Second Quarter, 2011 Highlights
- Third consecutive quarter of profitability;
- Second consecutive quarter of declining classified assets;
- Second consecutive quarter of declining non-performing loans;
- Sold $9.1 million of classified loans, including $5.2 million of non-performing loans;
- Sold $3.4 million of OREO reducing total balances to $3.6 million;
- Allowance for loan losses at $21.7 million or 3.27% of loans and increased coverage over non-performing loans to 93%;
- Increased net interest margin 7 bps to 4.80%;
- Increased core deposits to record level as average, non-interest bearing DDA balances increased $14 million or 8% to $198 million in second quarter;
- Increased Tier 1 Leverage ratio to 11.4% and tangible common equity ratio to 9.0%, up 29 bps and 25 bps, respectively, above first quarter.

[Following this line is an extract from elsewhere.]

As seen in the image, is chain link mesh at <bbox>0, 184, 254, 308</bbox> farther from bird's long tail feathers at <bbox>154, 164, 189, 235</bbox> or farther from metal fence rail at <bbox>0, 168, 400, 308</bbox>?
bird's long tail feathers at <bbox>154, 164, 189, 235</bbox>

"I am encouraged by the overall progress Heritage Oaks Bank is making in resolving problem loans, increasing profitability and building franchise value through increases in core deposits. While it has been a long time since the economic winds were at our back, the progress we made and progress still to come this year in improving asset quality and earnings should position us very well for resolving all regulatory matters brought on by the downturn in credit quality at the start of this very challenging economic cycle," said Larry Ward, Chief Executive Officer of the Company. "During the second quarter, we completed our second problem loan sale this year and continued to work with our borrowers to cure problem loans and shore up collateral, thereby providing the path for continuing credit improvement. I am confident that as we continue to focus on credit quality, growing core deposits, maintaining healthy net interest margins and improving operating efficiency, the Company will be very well positioned to capitalize on this strength and return to building the franchise in the months and quarters ahead," continued Mr. Ward.
In second quarter classified loans were reduced $18.2 million and non-accrual loans declined $3.9 million. Our quarterly provision for loan losses was $2.3 million, $1.8 million of which was provisioned to cover charge-offs taken on the problem loan sale.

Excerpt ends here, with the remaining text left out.